Complete the algorithm selection guidance.
Practical Pitfalls
Beyond algorithm selection, several practical decisions shape outcomes more than algorithm choice: Feature engineering: For most tabular data problems, investing time in creating informative features (e.g., ratios, interaction terms, domain-specific transformations) yields bigger gains than switching algorithms. The algorithm is only as good as the features it receives. Data leakage: If any feature in your training set contains information that would not be available at prediction time, your test performance will be optimistically inflated. Example: using a patient's final diagnosis as a feature when predicting whether they need further testing — the diagnosis is the answer, not an input. Leakage is one of the most common mistakes in competitive ML and in industry. Distribution shift: Your model is trained on historical data, but the world changes. A model trained on loan applications from 2019 may perform poorly on 2024 applicants whose financial behaviors shifted due to economic events. Monitoring model performance in production over time is as important as the initial evaluation. Evaluation metric alignment: Always choose the metric your business actually cares about. If missing a fraudulent transaction costs 100 times more than a false alarm, optimize recall — not accuracy. If predicting house prices to within $10,000 is acceptable, RMSE at that scale is your target, not theoretical minimum MSE.

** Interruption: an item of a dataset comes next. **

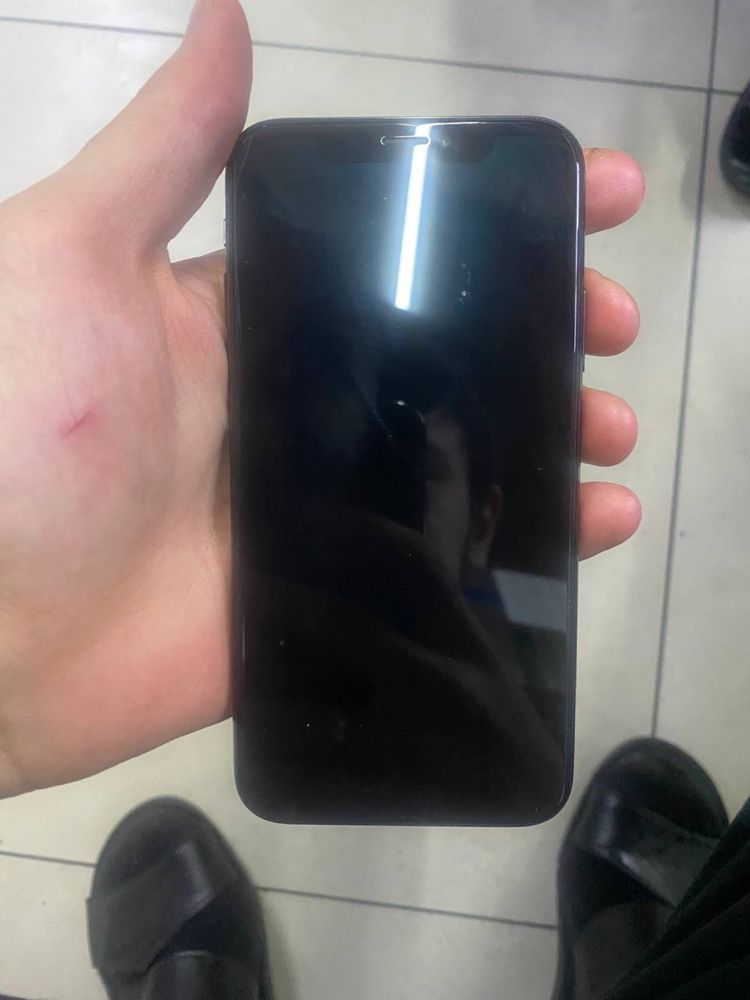 Iphone X 64 gb LL/A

You have 300 training examples, 8 features, need to explain every prediction to a judge in a legal case, and predictions must be made in under 10 milliseconds. Which algorithm family is most appropriate?
A data scientist evaluates a new model and finds it achieves 96% accuracy on training data, 94% on validation data, and 94% on test data. She then realizes that one feature is 'case_resolution_date', which was populated only after the outcome she is predicting was known. What has occurred?
Algorithm Selection Case Files
- Work in groups of three. For each case file below, apply the five-dimension framework from this lesson to select an algorithm. Document your reasoning for each dimension.
- Case 1: A hospital wants to predict which ICU patients will need ventilator support in the next 6 hours. Dataset: 50,000 patients, 200 features (vital signs, lab values). Doctors need to understand why the model flagged a patient. False negatives (missed predictions) are catastrophic.
- Case 2: A startup wants to predict the resale price of used electronics listed on their platform. Dataset: 800 listings, 12 features (brand, age, condition, storage). Speed is important — predictions needed in under 50ms. Interpretability is nice to have, not required.
- Case 3: A bank needs to classify transactions as fraudulent or legitimate. Dataset: 2 million transactions, 45 features, only 0.03% fraudulent. Performance must be evaluated monthly. False positives (blocking legitimate transactions) anger customers; false negatives cost money.
- For each case: name your algorithm choice, name the most important dimension that drove the choice, and name one risk you would monitor in production.